* [TASK STATEMENT] Return each record verbatim, images excluded.
··· TASK INPUT
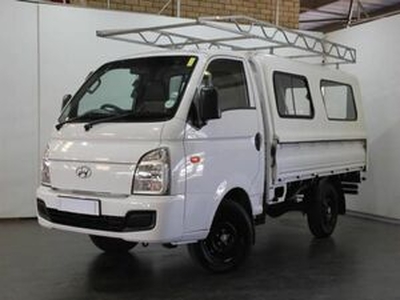 Hyundai H-1 2021, Manual, 2.6 litres - Cape Town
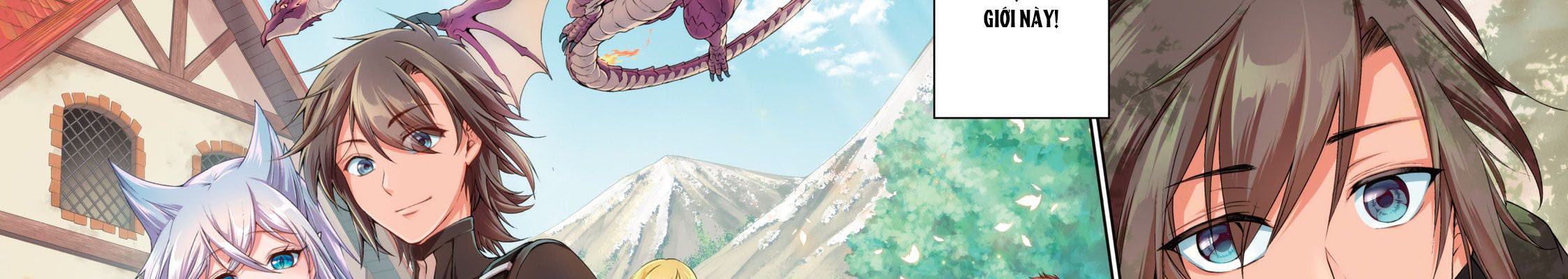 Cuộc Sống Nhàn Nhã Ở Thế Giới Khác Của Ứng Viên Dũng Giả Sở Hữu Sức Mạnh Gian Lận Từ Cấp 2 Chapter 1 - Trang 2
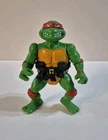 1988 Teenage Mutant Ninja Turtles TMNT Ralphael Hard Head Action Figure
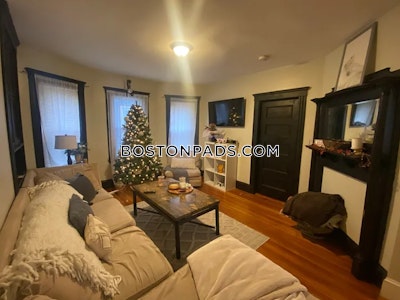 Dorchester Apartment for rent 4 Bedrooms 1 Bath Boston - $3,900 50% Fee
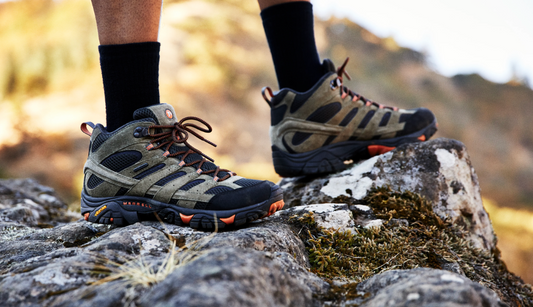 ORTHOPEDIC SHOES FOR HEALTHY LIFESTYLE: KEEPING FEET ON THE GO - Diabetic Shoe - An Ortho Shoes Company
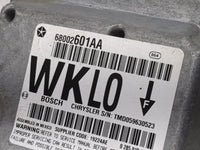 2006-2006 Jeep Grand Cherokee Safety Restraint Srs Airbag Control Module 1502488 - Oemusedautoparts1.com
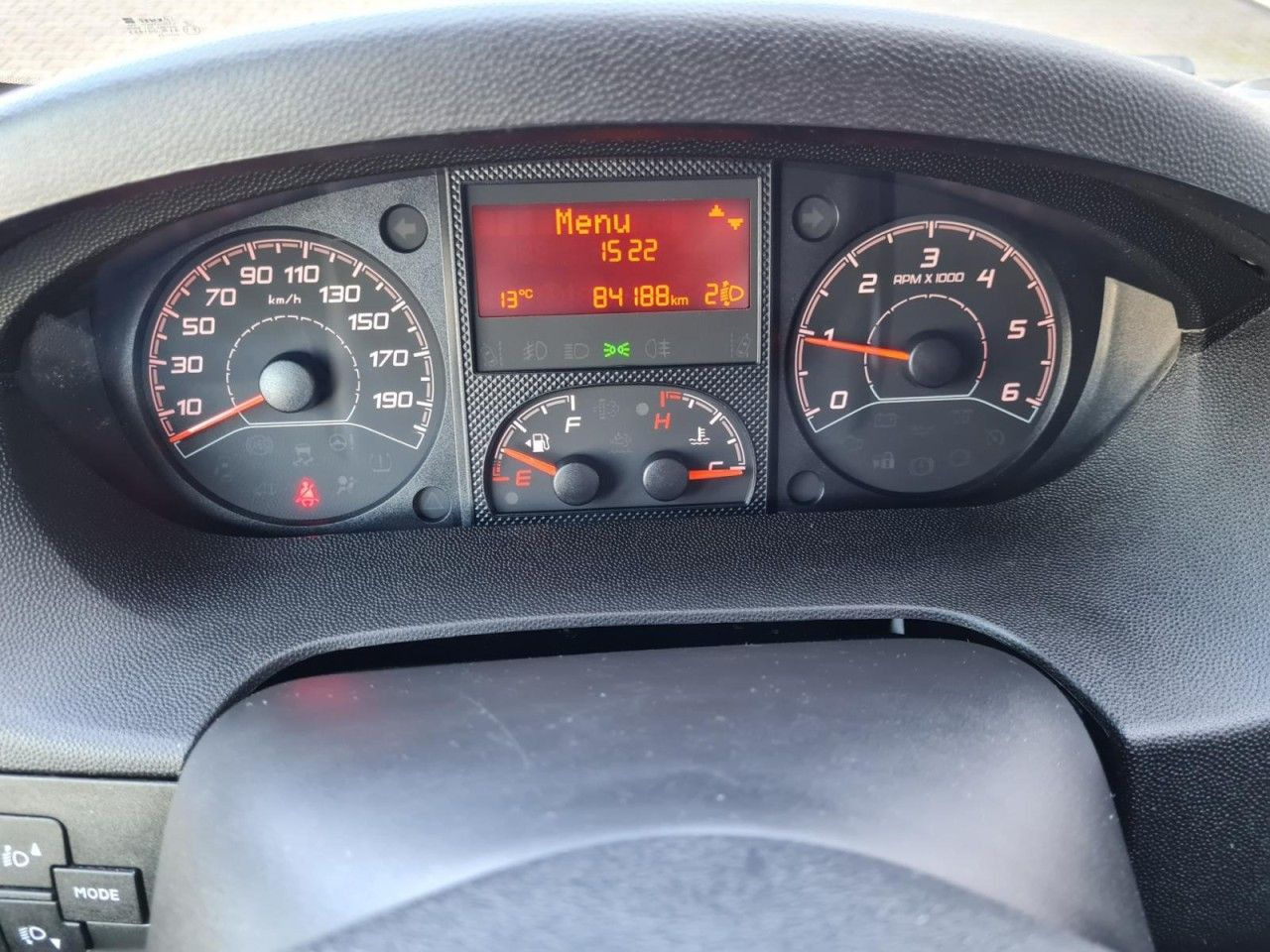 Furgoneta con lona Opel Movano Pritsche Schiebe Plane LBW LUFTFEDER TEMP: foto 10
······
* [ANSWER TO THE PROBLEM]
 Hyundai H-1 2021, Manual, 2.6 litres - Cape Town
 Cuộc Sống Nhàn Nhã Ở Thế Giới Khác Của Ứng Viên Dũng Giả Sở Hữu Sức Mạnh Gian Lận Từ Cấp 2 Chapter 1 - Trang 2
 1988 Teenage Mutant Ninja Turtles TMNT Ralphael Hard Head Action Figure
 Dorchester Apartment for rent 4 Bedrooms 1 Bath Boston - $3,900 50% Fee
 ORTHOPEDIC SHOES FOR HEALTHY LIFESTYLE: KEEPING FEET ON THE GO - Diabetic Shoe - An Ortho Shoes Company
 2006-2006 Jeep Grand Cherokee Safety Restraint Srs Airbag Control Module 1502488 - Oemusedautoparts1.com
 Furgoneta con lona Opel Movano Pritsche Schiebe Plane LBW LUFTFEDER TEMP: foto 10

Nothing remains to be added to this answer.